Task instructions: Reproduce the records that follow exactly; any picture among them stays out.

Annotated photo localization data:
● ● ● ●

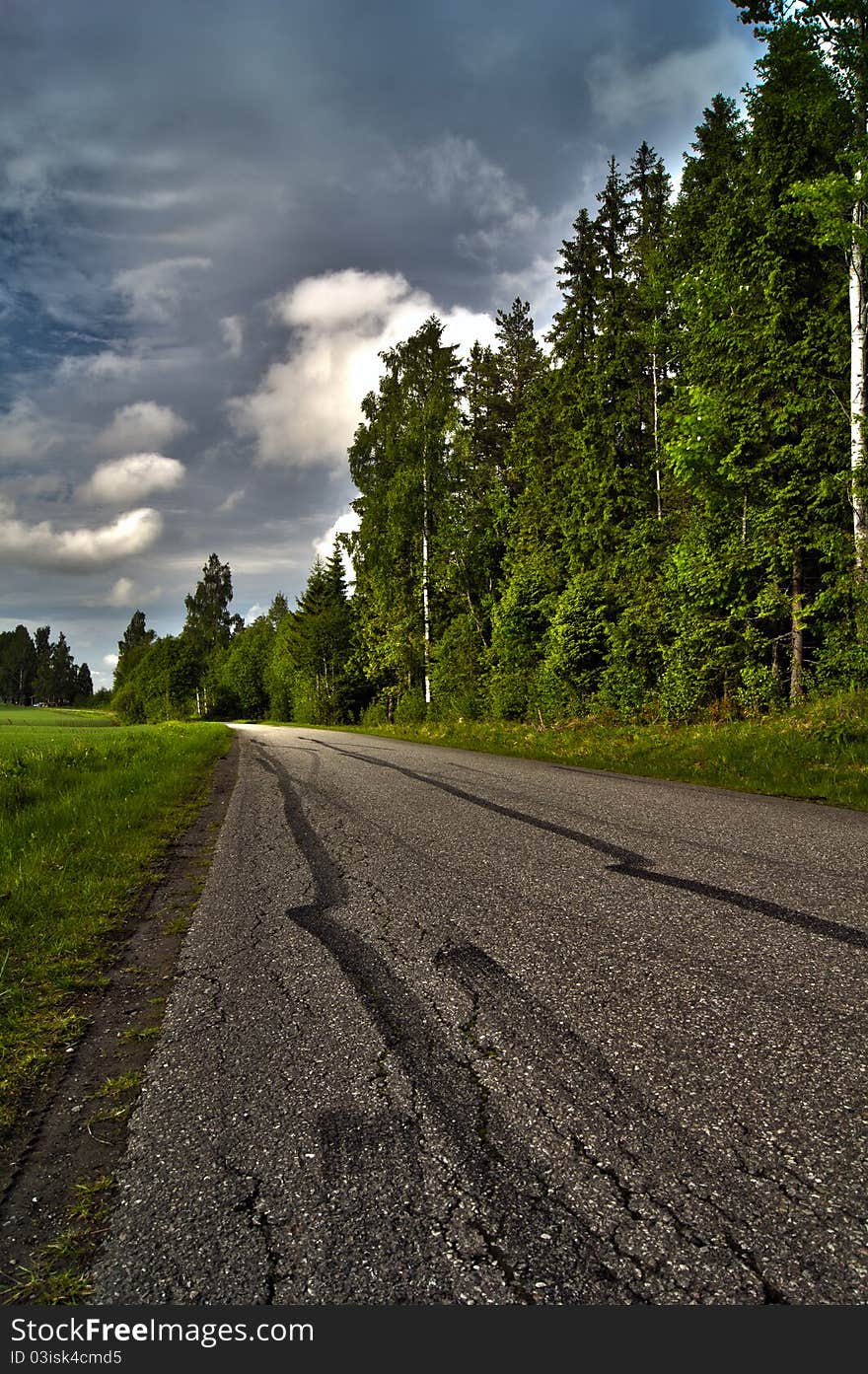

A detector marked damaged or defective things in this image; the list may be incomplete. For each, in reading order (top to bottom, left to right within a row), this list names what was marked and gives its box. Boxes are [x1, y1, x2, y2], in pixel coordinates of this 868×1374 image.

cracked asphalt [90, 725, 868, 1302]
crack in asphalt [302, 742, 862, 956]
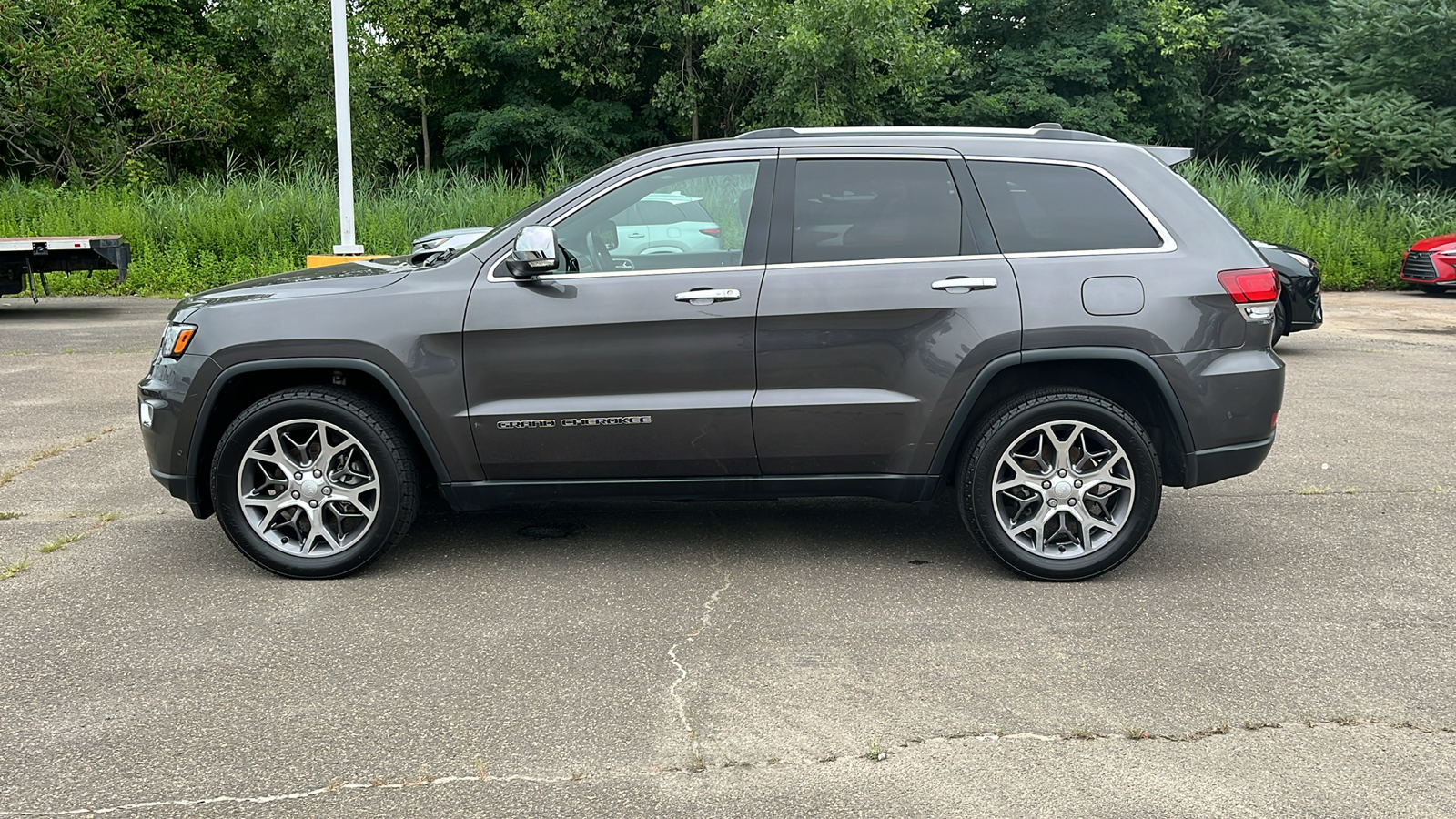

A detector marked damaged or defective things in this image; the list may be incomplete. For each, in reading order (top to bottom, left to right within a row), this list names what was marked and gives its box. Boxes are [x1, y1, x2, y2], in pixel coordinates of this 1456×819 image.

crack in pavement [666, 521, 733, 763]
crack in pavement [5, 716, 1450, 810]
cracked asphalt [3, 289, 1456, 810]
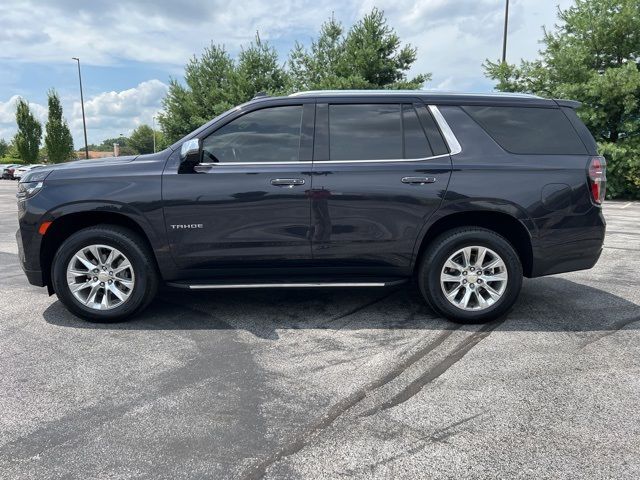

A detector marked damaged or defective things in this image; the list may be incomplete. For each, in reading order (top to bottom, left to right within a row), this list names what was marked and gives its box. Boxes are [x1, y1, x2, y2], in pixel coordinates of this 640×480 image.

crack in pavement [239, 326, 460, 480]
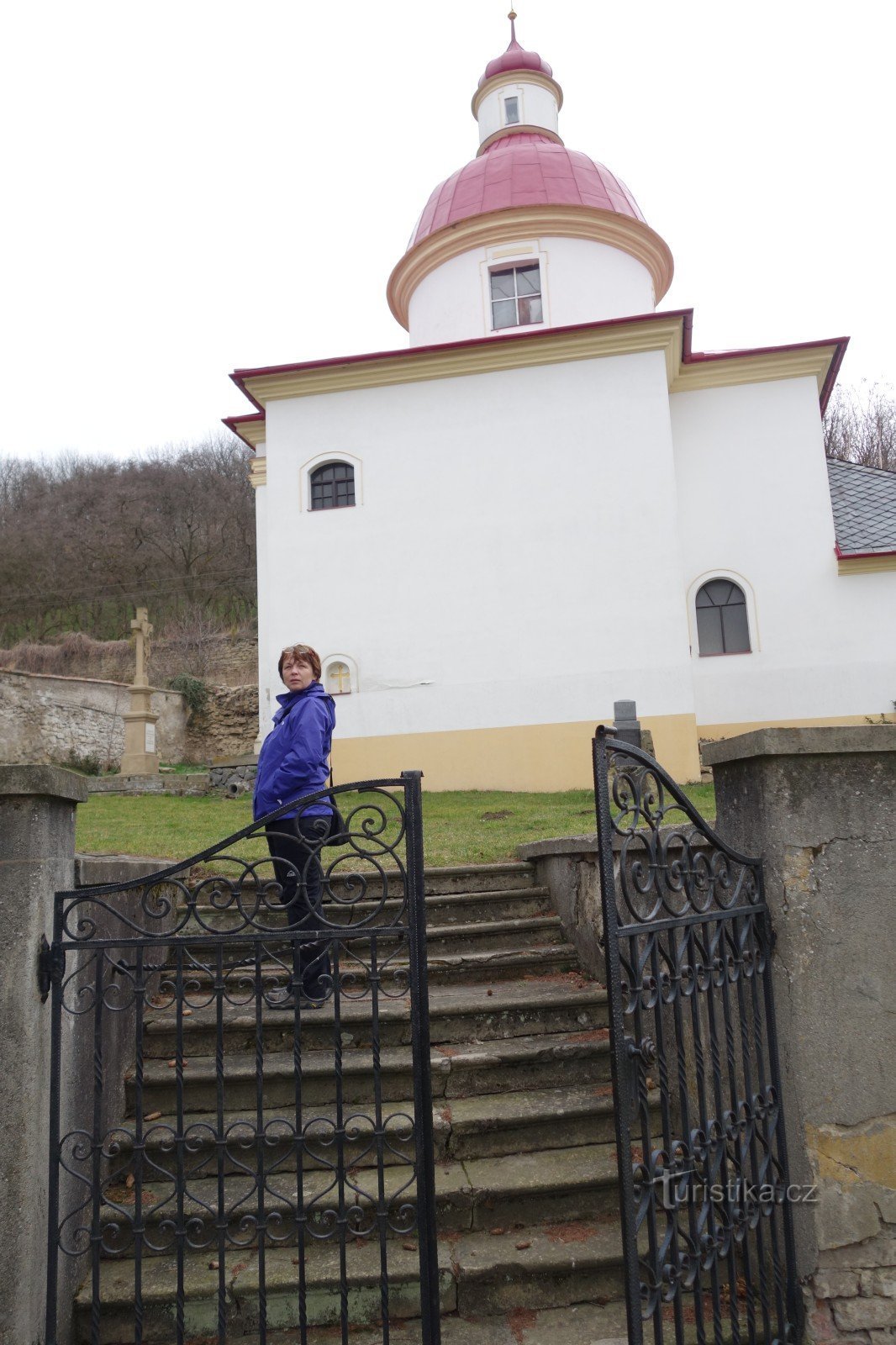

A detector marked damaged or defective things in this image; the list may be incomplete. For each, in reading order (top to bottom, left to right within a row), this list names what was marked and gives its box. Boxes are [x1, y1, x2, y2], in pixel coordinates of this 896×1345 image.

cracked concrete step [159, 942, 578, 995]
cracked concrete step [185, 888, 554, 931]
cracked concrete step [175, 909, 565, 963]
cracked concrete step [141, 973, 608, 1054]
cracked concrete step [127, 1027, 608, 1113]
cracked concrete step [108, 1081, 621, 1178]
cracked concrete step [92, 1140, 621, 1264]
cracked concrete step [75, 1226, 621, 1339]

● ● ● ●

Output below:
A detector marked damaged or defective things in this image; the list may be incomplete. For each, in reading order (top to bottom, left to right within a row), this list names what was marked and gives its box. Boxes are [x1, y1, x2, y2], in pixel coordinates of this 868×1374 image.

cracked asphalt [90, 725, 868, 1302]
crack in asphalt [302, 742, 862, 956]

A detector marked damaged or defective things in this image; the list may be incomplete. For each, in reading order (top to bottom, left to right within a row), this list names what was marked and gives its box. Boxes are [x1, y1, x2, y2], in pixel coordinates of this 1456×819 image.

crack in pavement [666, 521, 733, 763]
crack in pavement [5, 716, 1450, 810]
cracked asphalt [3, 289, 1456, 810]

A detector marked damaged or defective things in this image; the list may be incomplete. For each, in reading order (top to bottom, left to right within a row), this list names what was marked and gives its box. Boxes are [x1, y1, x2, y2], in pixel coordinates of this 640×480 image.

crack in pavement [239, 326, 460, 480]

A detector marked damaged or defective things in this image; the list may be incomplete. For each, in reading order (top to bottom, left to right within a row), this list names what was marked and gives its box. Boxes are [x1, y1, x2, y2], in pixel coordinates of this 896×1345 image.

cracked concrete step [159, 942, 578, 995]
cracked concrete step [185, 888, 554, 931]
cracked concrete step [175, 909, 565, 963]
cracked concrete step [141, 973, 608, 1054]
cracked concrete step [127, 1027, 608, 1113]
cracked concrete step [108, 1081, 621, 1178]
cracked concrete step [92, 1140, 621, 1264]
cracked concrete step [75, 1226, 621, 1339]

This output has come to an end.